Of course, your strings don't always have fields separated by spaces. The Unix password file, for instance, separates fields with colons:

 while (<PASSWDFILE>) {
 @fields = split /:/;
 # ...
 }

split has some quirks: it ignores any trailing empty fields, so if your colon-separated record was big:deal::: you'd get two fields back: big and deal.

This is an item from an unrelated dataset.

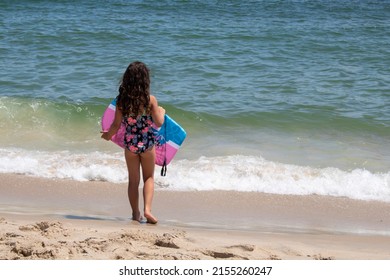 young girl looking at the massive ocean at seaside with a boogie board wearing one piece bathing suite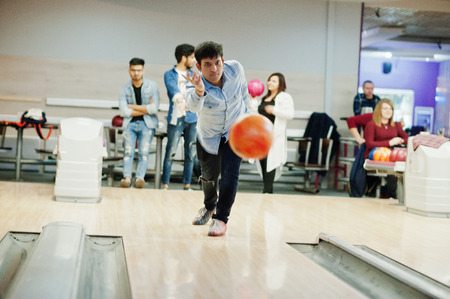 South asian man in jeans shirt standing at bowling alley and throw ball in air.の写真素材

The opposite of split is join. split extracts fields that have been separated. join produces a string of separated fields. The first argument is the separator (an exact string, not a regular expression), and the rest of the arguments are values to join together with the separator in between. For instance:

 
 @adjectives = ("hot", "damp", "sticky");
 $line = join(" and ", @adjectives);
 print $line;

 hot and damp and sticky

Putting it all together

So here's how you reverse the order of words for each line in a file:

 
 while (<INFILE>) {
 @fields = split;
 @new = reverse @fields;
 $line = join " ", @new;
 print OUTFILE "$line\n";
 }

or more concisely:

 
 while (<INFILE>) {
 print OUTLINE join(" ", reverse split), "\n";
 }

Answer to the earlier question. The code said to reverse the list, then sort it. The call to reverse is useless, because sort sorts the list into ascending order.

Nathan Torkington used to be a trainer for the Tom Christiansen Perl Consultancy, whose excellent Beginning Perl class may accidentally have inspired parts of this article.